Observing the pros and cons

He said there are many drawbacks to life in Cuba. The people are limited, as Guglielmo said a passport costs roughly six months’ salary and an airline ticket is expensive. He said Cubans don’t starve, but they do go to bed hungry if they don’t have extra money.

The automotive culture is frozen in time, as people drive American cars manufactured before the trade embargo implemented by the United States. Because it is now impossible to get replacement parts for those vehicles, many Cubans restore them with parts from refrigerators or washing machines. Still, Guglielmo said, there is no spiritual poverty that one might experience in the United States, “where no matter how much we have, it’s not enough because we’re not happy.”

Guglielmo acknowledged he would often feel sad after returning from Cuba, noting the Caribbean’s warmth applies to both the weather and the Cuban people. He said “Cuba in Transition” is a way of continuing his Cuban experience home in America.

“Some of the things I love down there. It’s a much slower pace of life,” he said. “Here, you’re really on your own. If you need to eat, to pay your bills, there’s no real safety net in this country. There, everyone gets a certain amount of food, free health care and free education.

“Here, there is real fear that if you stop running on the treadmill, you could fall off and wind up homeless or something,” he continued. “How many of us don’t have a big savings and, if we get sick, who’s going to take care of us? Down there, families are tighter and closer. Generations of families live together. There are safety nets in the family structure and in the government.”

He said the close-knit families remind him of the full-hearted, warm feelings he would have around his Italian-American grandparents.

Guglielmo described his portraits as “an homage to Cuba” that is not directly political and not a glorification of communism. He said he simply tries to capture everyday life in Cuba as it really is.

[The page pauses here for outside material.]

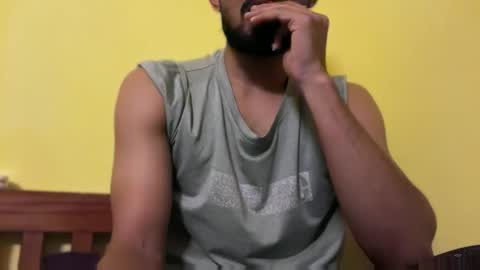 Snapshot of salman_ind123 chatting on March 31, 2026, 5:46 pm salman_ind123 online show from March 31, 2026, 5:46 pm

Guglielmo said the uncertainty that envelopes Cuba taught him to make each day an adventure and he now aims to maintain that mindset in America. He said running out of milk or having your car break down are common occurrences in Cuba, but there is a silver lining because solving these problems requires human interaction, often the formation of friendships.

“There is always this other Plan B that materializes and you get what you need,” he said. “There’s always this magical component that works out.”